McCutcheon joined with the Republican National Committee (RNC; one of McCutcheon’s intended contribution recipients) to sue the Federal Election Commission, claiming that the aggregate limits violated the First Amendment. In McCutcheon’s words, “Somehow, I can give the individual limit, now $2,600, to 17 candidates without corrupting the system. But as soon as I give that same amount to an 18th candidate, our democracy is suddenly at risk.”
A three-judge district court found that the aggregate limits are justified by the government’s interests in combatting actual and perceived electoral corruption. McCutcheon and the RNC appealed directly to the Supreme Court.
CHIEF JUSTICE ROBERTS ANNOUNCED THE JUDGMENT OF THE COURT AND DELIVERED AN OPINION, IN WHICH JUSTICE SCALIA, JUSTICE KENNEDY, AND JUSTICE ALITO JOIN:
There is no right more basic in our democracy than the right to participate in electing our political leaders. Citizens can exercise that right in a variety of ways: They can run for office themselves, vote, urge others to vote for a particular candidate, volunteer to work on a campaign, and contribute to a candidate’s campaign. This case is about the last of those options.
The right to participate in democracy through political contributions is protected by the First Amendment, but that right is not absolute. Our cases have held that Congress may regulate campaign contributions to protect against corruption or the appearance of corruption. Buckley v. Valeo (1976). At the same time, we have made clear that Congress may not regulate contributions simply to reduce the amount of money in politics, or to restrict the political participation of some in order to enhance the relative influence of others. See, e.g., Arizona Free Enterprise Club’s Freedom Club PAC v. Bennett (2011).
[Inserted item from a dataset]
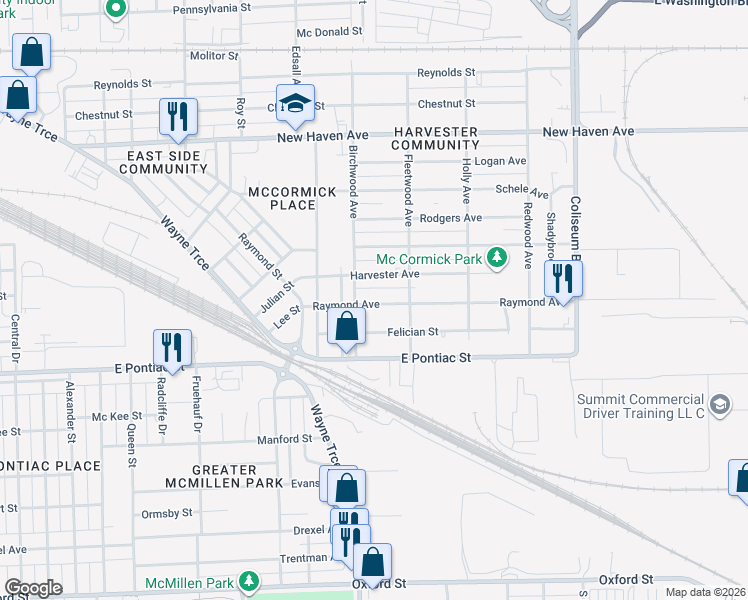 map of restaurants, bars, coffee shops, grocery stores, and more near 3210 Harvester Street in Fort Wayne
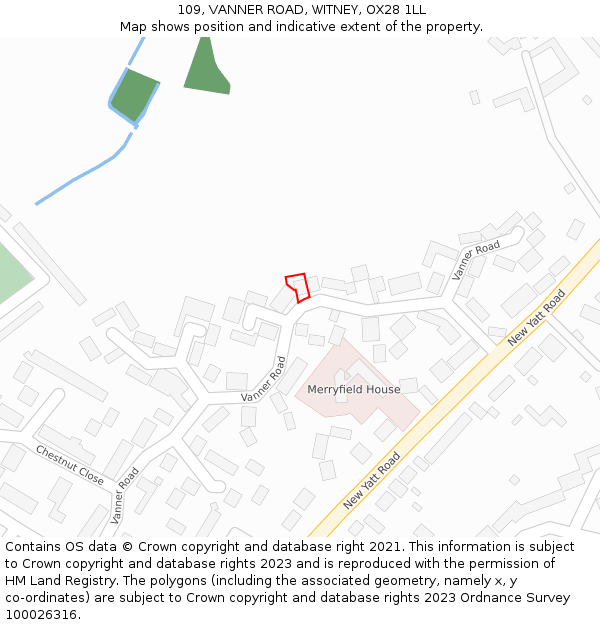 109, VANNER ROAD, WITNEY, OX28 1LL: Location map and indicative extent of plot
Many people might find those latter objectives attractive: They would be delighted to see fewer television commercials touting a candidate’s accomplishments or disparaging an opponent’s character. Money in politics may at times seem repugnant to some, but so too does much of what the First Amendment vigorously protects. If the First Amendment protects flag burning, funeral protests, and Nazi parades—despite the profound offense such spectacles cause—it surely protects political campaign speech despite popular opposition. Indeed, as we have emphasized, the First Amendment “has its fullest and most urgent application precisely to the conduct of campaigns for political office.” Monitor Patriot Co. v. Roy (1971).
In a series of cases over the past 40 years, we have spelled out how to draw the constitutional line between the permissible goal of avoiding corruption in the political process and the impermissible desire simply to limit political speech. We have said that government regulation may not target the general gratitude a candidate may feel toward those who support him or his allies, or the political access such support may afford. “Ingratiation and access . . . are not corruption.” Citizens United v. Federal Election Comm’n (2010). They embody a central feature of democracy—that constituents support candidates who share their beliefs and interests, and candidates who are elected can be expected to be responsive to those concerns.
Any regulation must instead target what we have called “quid pro quo” corruption or its appearance. That Latin phrase captures the notion of a direct exchange of an official act for money. “The hallmark of corruption is the financial quid pro quo: dollars for political favors.” Federal Election Comm’n v. National Conservative Political Action Comm. (1985). Campaign finance restrictions that pursue other objectives, we have explained, impermissibly inject the Government “into the debate over who should govern.” Bennett. And those who govern should be the last people to help decide who should govern.
The statute at issue in this case imposes two types of limits on campaign contributions. The first, called base limits, restricts how much money a donor may contribute to a particular candidate or committee. The second, called aggregate limits, restricts how much money a donor may contribute in total to all candidates or committees.
This case does not involve any challenge to the base limits, which we have previously upheld as serving the permissible objective of combatting corruption. The Government contends that the aggregate limits also serve that objective, by preventing circumvention of the base limits. We conclude, however, that the aggregate limits do little, if anything, to address that concern, while seriously restricting participation in the democratic process. The aggregate limits are therefore invalid under the First Amendment. . . .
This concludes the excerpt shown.